# Exercise instructions:
Nothing but the lines from the one with "Morel Pendant #6" through the end of the listing should be reproduced, each exactly and with pictures omitted.

# Supplied information:
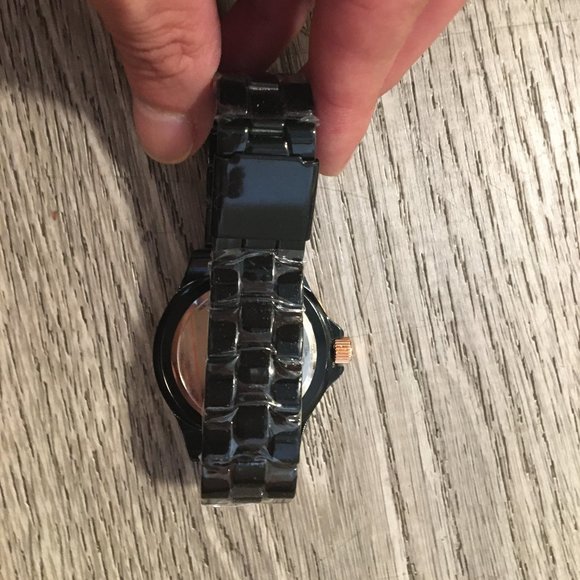 Watch Disney Women's Mickey Mouse Black Enamel Rhinestones Jewelry Bling NIB - Picture 11 of 16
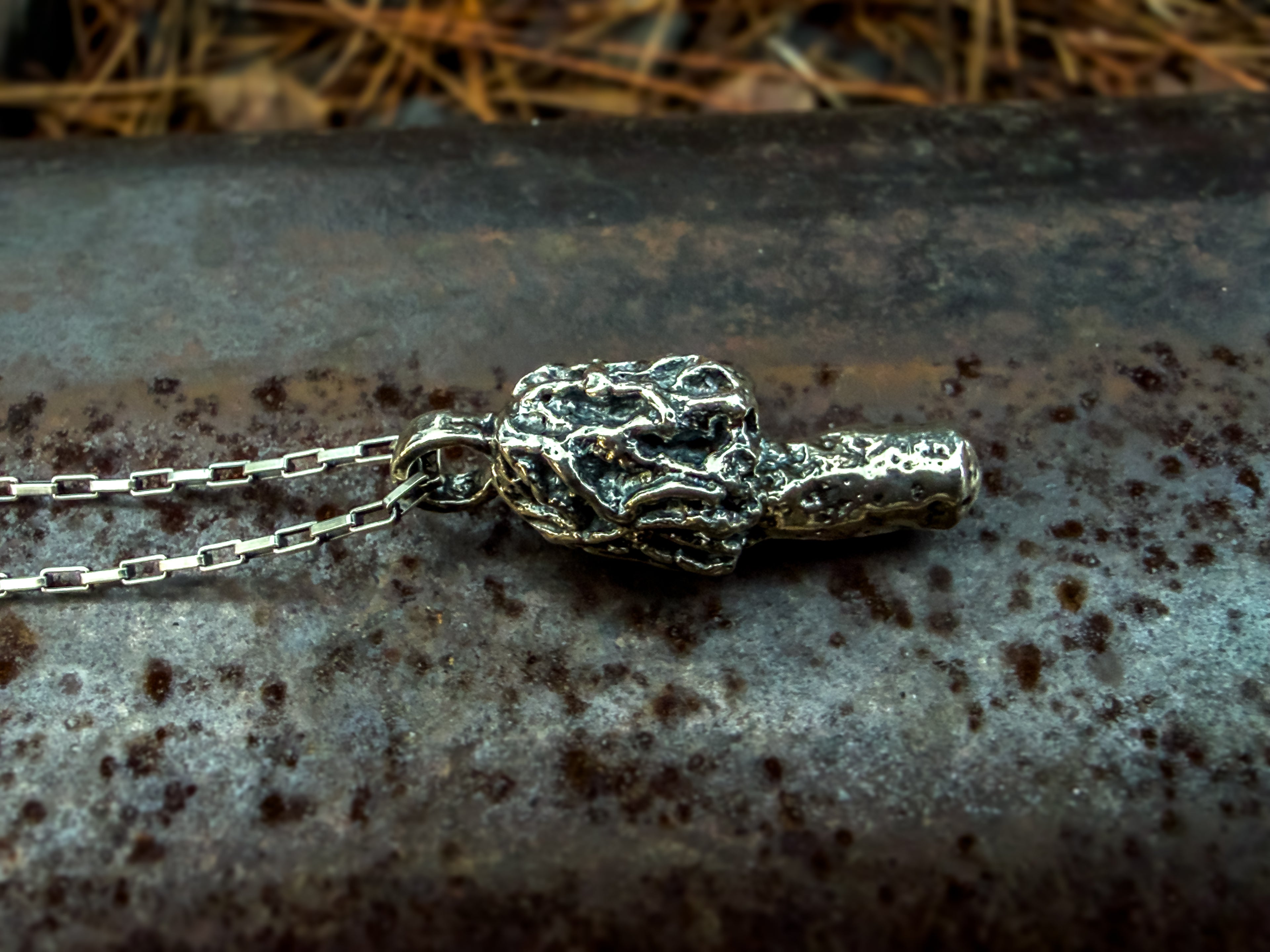 Morel Pendant #6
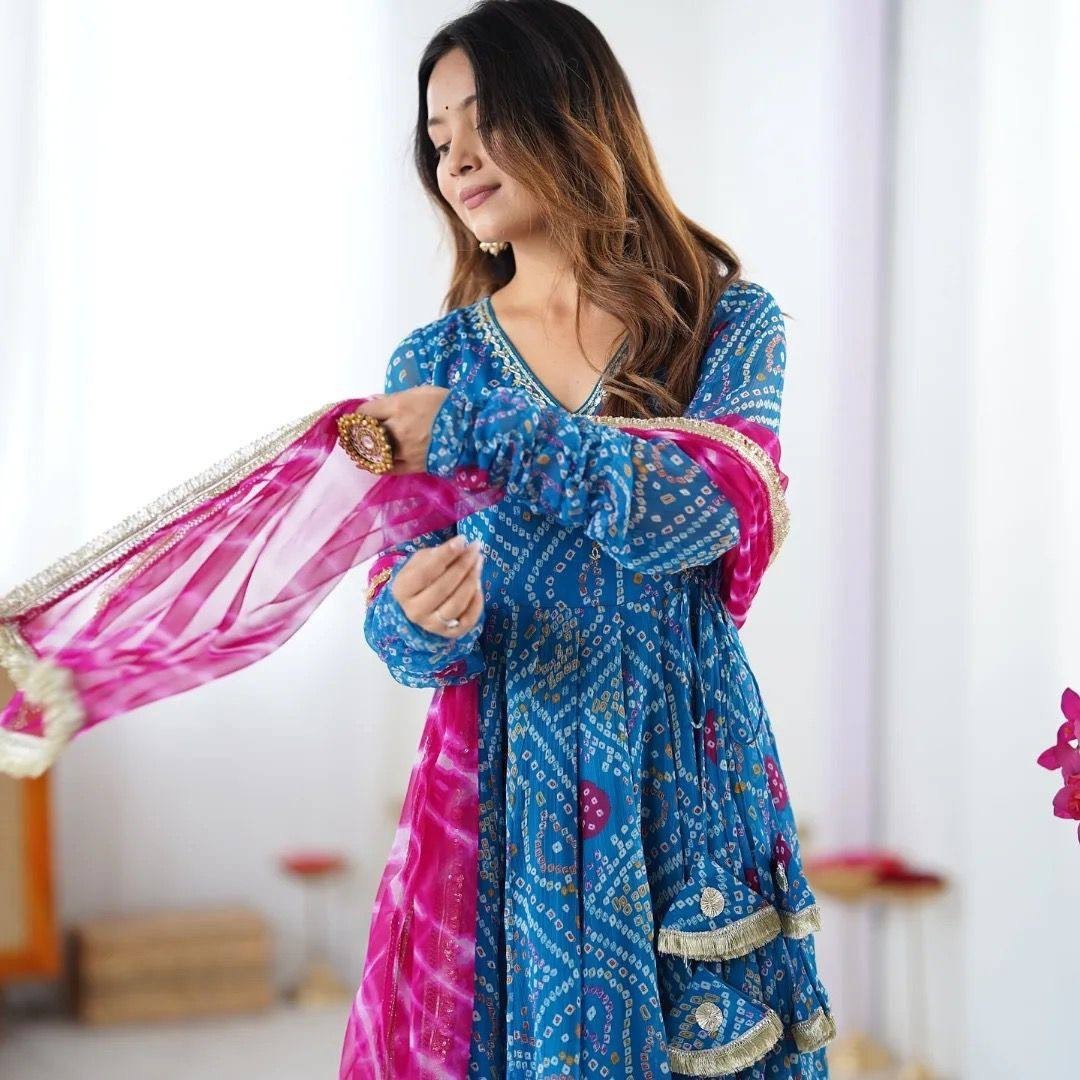 Indian Bollywood Designer Anarkali Suit Pakistani Wedding Wear Salwar Kameez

# Result:
 Morel Pendant #6
 Indian Bollywood Designer Anarkali Suit Pakistani Wedding Wear Salwar Kameez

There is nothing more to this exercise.